--- START ---

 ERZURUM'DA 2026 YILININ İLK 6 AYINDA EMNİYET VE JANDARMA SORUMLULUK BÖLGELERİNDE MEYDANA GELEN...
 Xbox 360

--- END ---
--- START ---

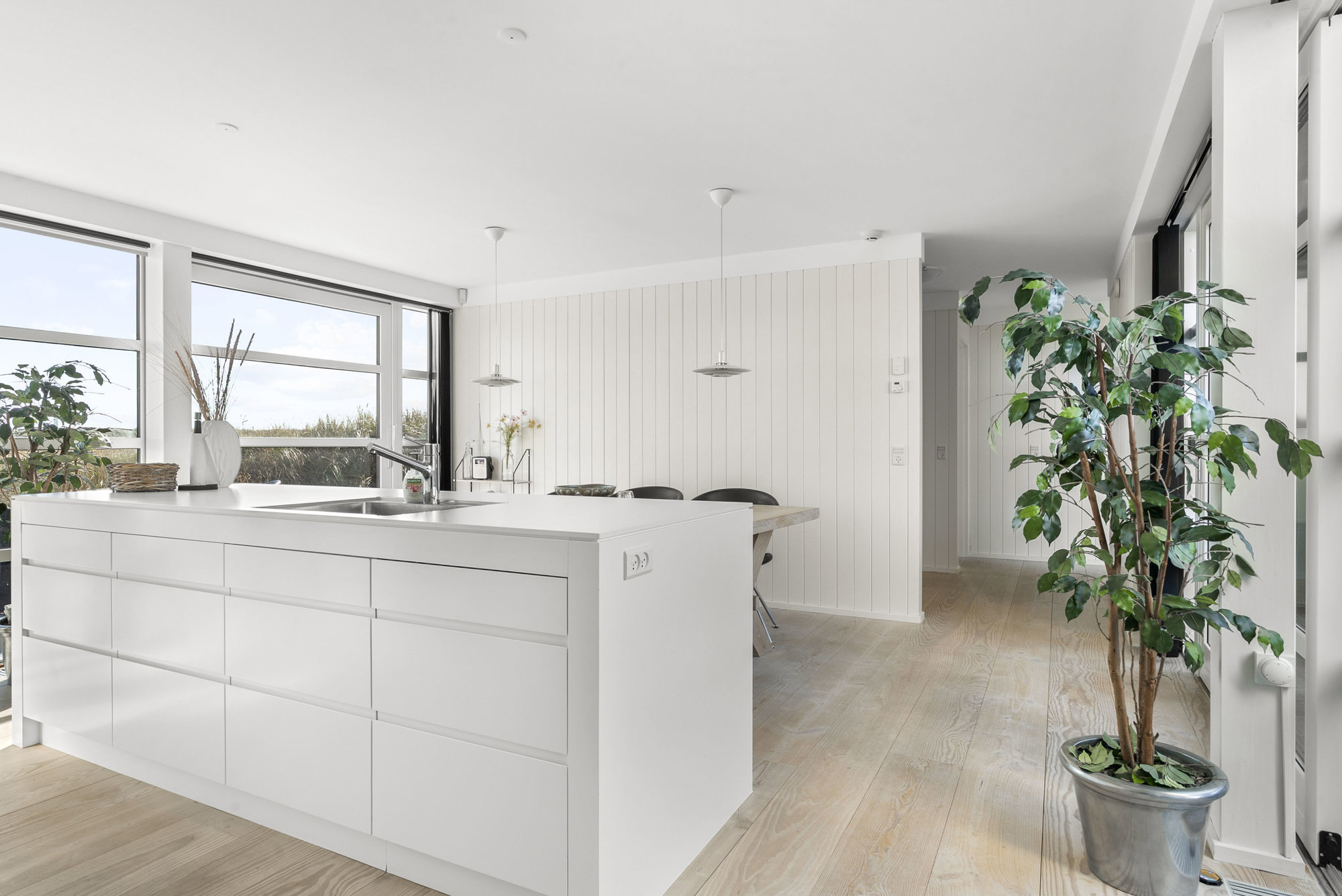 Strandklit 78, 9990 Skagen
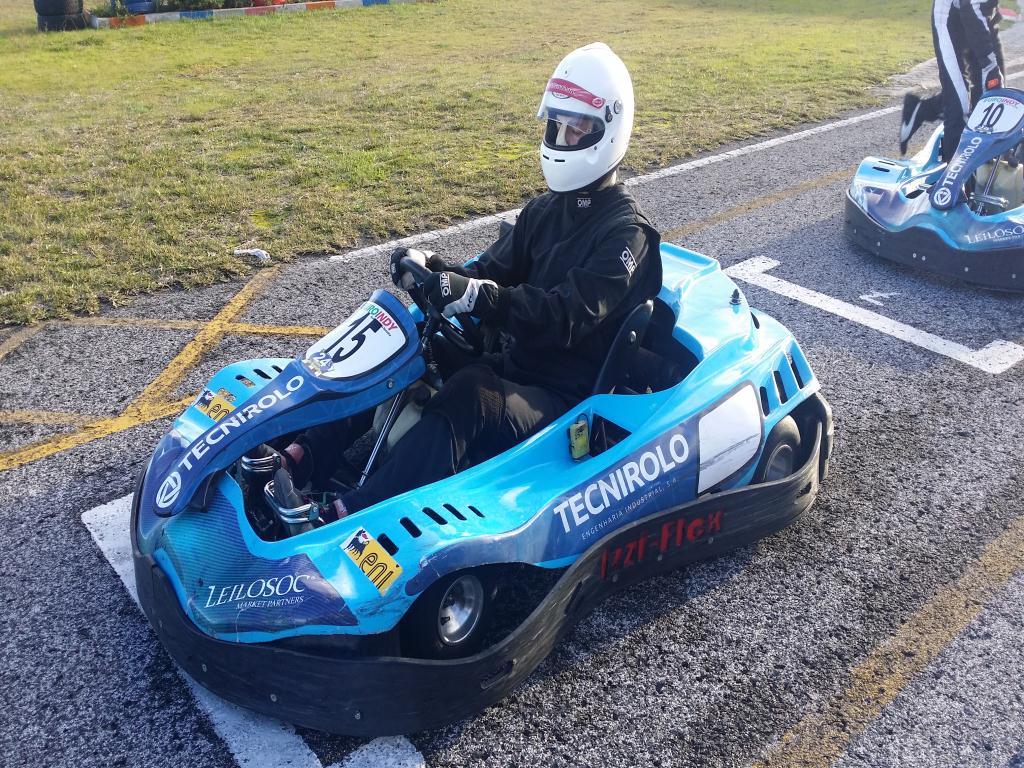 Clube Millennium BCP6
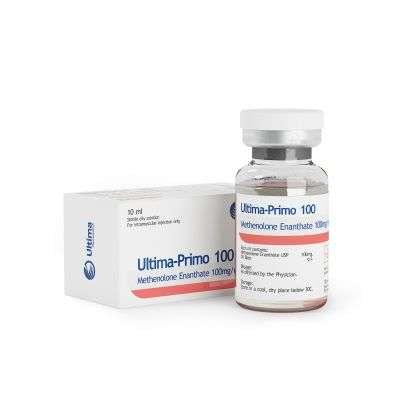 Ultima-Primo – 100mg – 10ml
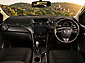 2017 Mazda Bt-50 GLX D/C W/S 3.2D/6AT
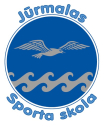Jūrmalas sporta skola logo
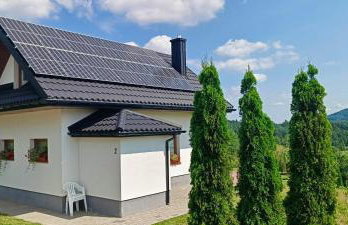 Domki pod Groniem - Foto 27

--- END ---

*Problem details*
The expected output is the lines above from the one containing "Strandklit 78, 9990 Skagen" to the one containing "Domki pod Groniem - Foto 27", both ends included, reproduced exactly with every picture left out.

*Exercise answer*
 Strandklit 78, 9990 Skagen
 Clube Millennium BCP6
 Ultima-Primo – 100mg – 10ml
 2017 Mazda Bt-50 GLX D/C W/S 3.2D/6AT
Jūrmalas sporta skola logo
 Domki pod Groniem - Foto 27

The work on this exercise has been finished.